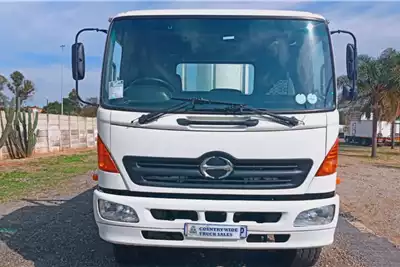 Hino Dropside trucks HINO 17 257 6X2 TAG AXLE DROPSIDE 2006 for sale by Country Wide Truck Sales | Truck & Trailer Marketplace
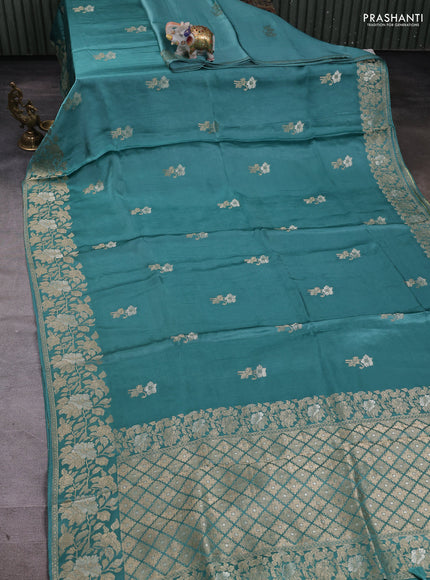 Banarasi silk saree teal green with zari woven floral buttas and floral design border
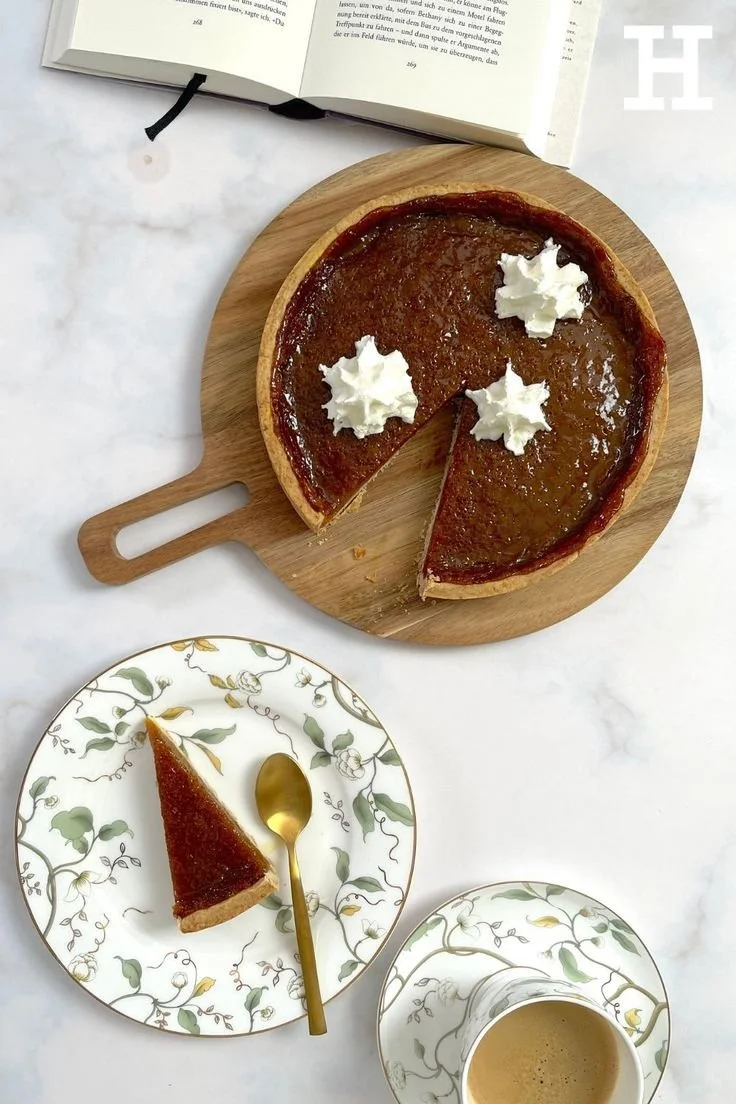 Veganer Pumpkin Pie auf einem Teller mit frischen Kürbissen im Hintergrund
--
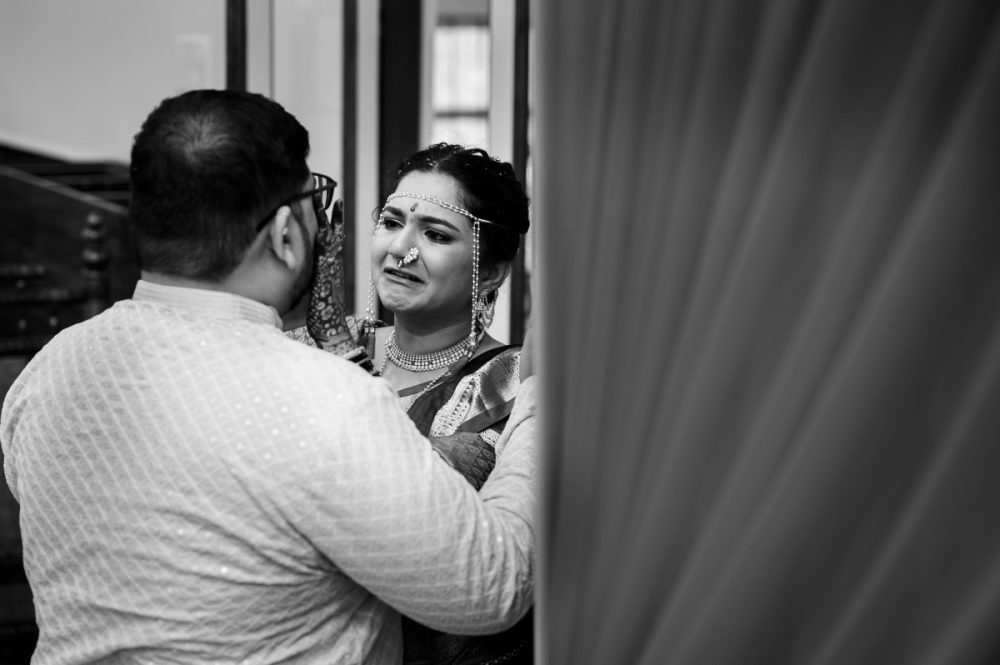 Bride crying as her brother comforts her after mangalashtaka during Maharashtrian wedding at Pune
--
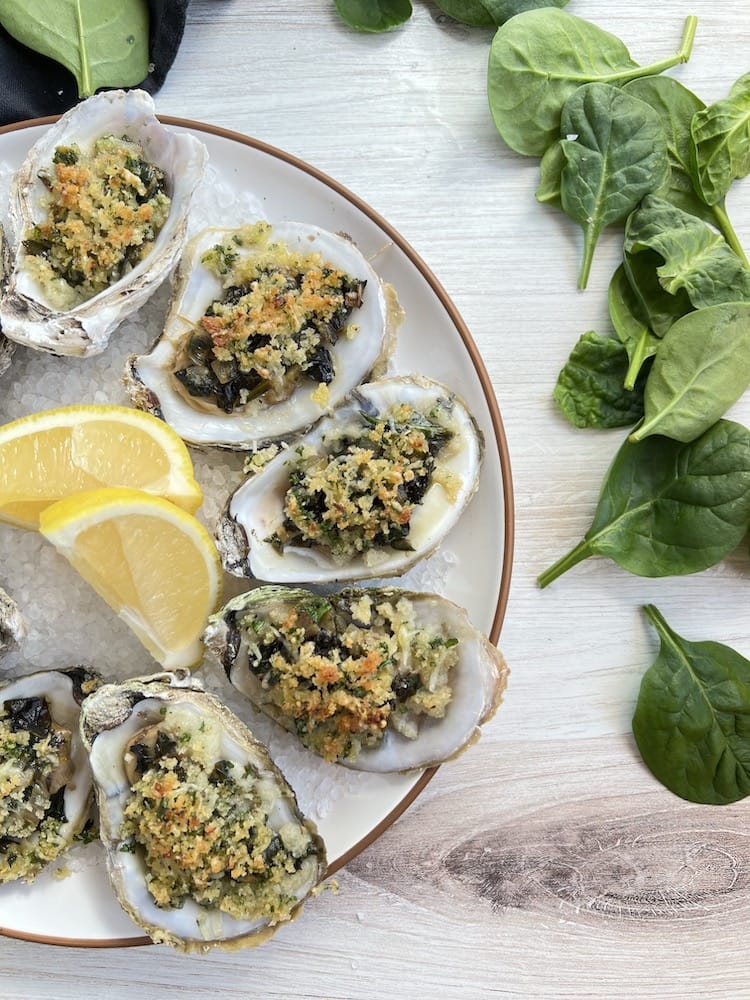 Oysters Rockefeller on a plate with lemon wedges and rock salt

(Task to complete):
Reproduce the entries exactly, from the line with "Banarasi silk saree" to the line with "Veganer Pumpkin Pie", both lines included, keeping no pictures.

(Reply):
 Banarasi silk saree teal green with zari woven floral buttas and floral design border
 Veganer Pumpkin Pie auf einem Teller mit frischen Kürbissen im Hintergrund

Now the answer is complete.